Along the Niger River in Mali, Red Cross volunteers are helping local communities find new sources of water during dry spells when the river dries up and water for crops and livestock all but disappears.
“There is water in the river only for three months,” said Nouhoum Maiga, Secretary General of the Mali Red Cross. “And the people there, most of them, rely on that water for their cattle.”
As part of a pilot programme, volunteers help the communities dig wells and install solar-powered pumps that provide a continual source of water.
In addition, the Red Cross collaborates with meteorological and hydrological services to get ahead of future problems – extreme heat, unpredicted dry spells or flash floods – with community-based early warning systems.
As a result, says Maiga, local farmers have been able to quadruple their harvests. “Instead of just doing a harvest for one season they have been able to harvest four times,” he said.
Photo: Ugandan Red Cross Society
A complementary partnership
This is exactly the kind of forward-looking, multi-layered response to complex challenges that will be strengthened through a renewed partnership signed on 29 May, 2024 between the FAO and the IFRC.
The FAO and IFRC partnership aims to build on the two organizations’ complementary mandates and strengths at the local and international level in order to improve the quality, reach, impact and sustainability of food security and agricultural livelihoods programming. So far, the renewed partnership has been initiated in the Democratic Republic of the Congo, Ethiopia, Kenya, Mali, Nigeria, Niger, South Sudan and Uganda.
The partnership is born from a growing understanding that durable solutions to today’s complex and long-lasting humanitarian crises require ever deeper cooperation among multiple partners from the community to the global level.

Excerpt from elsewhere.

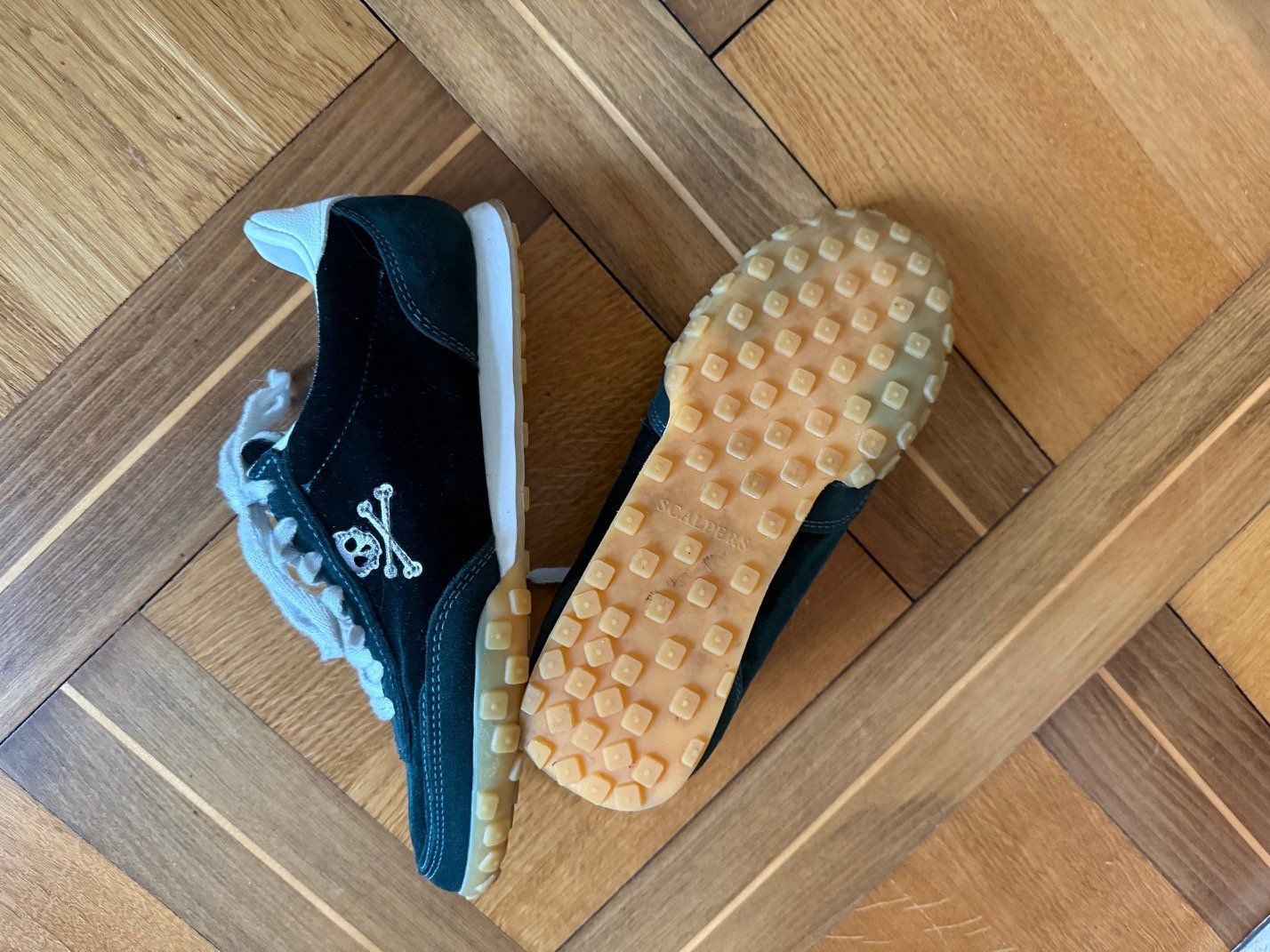 Scarpe da donna: Sneaker samtgrün SCALPERS – Usato da Luzern venduto da 127064 3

“There is no such thing anymore as a simple disaster,” said Caroline Holt, the IFRC Director of Disasters, Climate, and Crises, speaking recently at an FAO-IFRC Global Dialogue on Localization held on 27 March, 2024 in Geneva, Switzerland . “Issues such as food insecurity are intimately connected to lack of access to safe water or reliable energy sources. All of these issues impact one another and so the solutions need to be equally integrated.”
Solutions to food insecurity must also address the complex factors that impact local food production and they will require new and innovative resourcing strategies. The partnership between the IFRC and FAO, therefore, will also serve as a base for wider investment by other partners interested in supporting local innovation on food security and livelihoods.
Photo: IFRC/SSRCS
“Two-thirds of people experiencing high levels of acute food insecurity depend on agriculture as their main source of livelihood, yet only four per cent of humanitarian assistance goes towards emergency agriculture assistance,” Dominique Burgeon, Director of the FAO Liaison Office in Geneva, noted during the FAO-IFRC Global Dialogue on Localization.
“Food aid alone is not enough to address acute food insecurity without the support and protection of livelihoods, many of which are based in local agriculture”.
Mali serves as a good example. In Mali, FAO and the Mali Red Cross are collaborating on cash transfers, supplies for farm and food production, and cooking demonstrations aimed at achieving good nutritional balance, among other things.
“We work with those communities, to empower them to be able to provide for themselves even in the midst of ongoing conflict,” added Maiga, who also participated in the FAO-IFRC Global Dialogue on Localization.
The case of Mali also highlights the critical role that IFRC member National Societies play in addressing complex, long-lasting crises. In Mali, the Red Cross works amid an array of challenges: unpredictable and extreme weather patterns exacerbated by climate change, instability and insecurity, loss of traditional livelihoods and food sources, and massive displacement of entire communities. Meanwhile, in many parts of the country, most international organizations have left due to a lack of security.
“The Red Cross has remained in the communities impacted by these crises ,” Maiga noted. “Why? Because the Red Cross is a community-based organization. Our 8,000 volunteers are part of the communities where they work.”
Photo: Uganda Red Cross Society
The critical need for early action
Similar challenges exist in many countries. With one of the largest refugee populations in the world, Uganda is experiencing numerous, serious climate challenges, as weather patterns become more unpredictable. In some areas, entire communities have been washed away in flash floods.
In this case, collaboration between FAO and the Ugandan Red Cross has helped communities withstand heavy rains caused in part by the most recent El Niño Phenomena from September to December 2023.
With funding from FAO, the Ugandan Red Cross took actions in ten districts of Uganda in anticipation of coming rains: disseminating early warning information, mapping flood-prone areas, and overseeing cash-for-work activities in which local people cleaned water canals or removed silt from tanks that help contain excess water.
In other cases, the cash-for-work projects involved helping local communities safely manage crops to reduce loss once they have been harvested. Crops can be ruined if storage facilities are damaged by flooding or if the systems needed to store, transport and distribute them are disrupted.
“It's clear that the increasing frequency, magnitude, and intensity of disasters are not only affecting human lives, livelihoods and property but also evolve into epidemics requiring strong investment in community level preparedness and response,” said Ugandan Red Cross Secretary General Robert Kwesiga.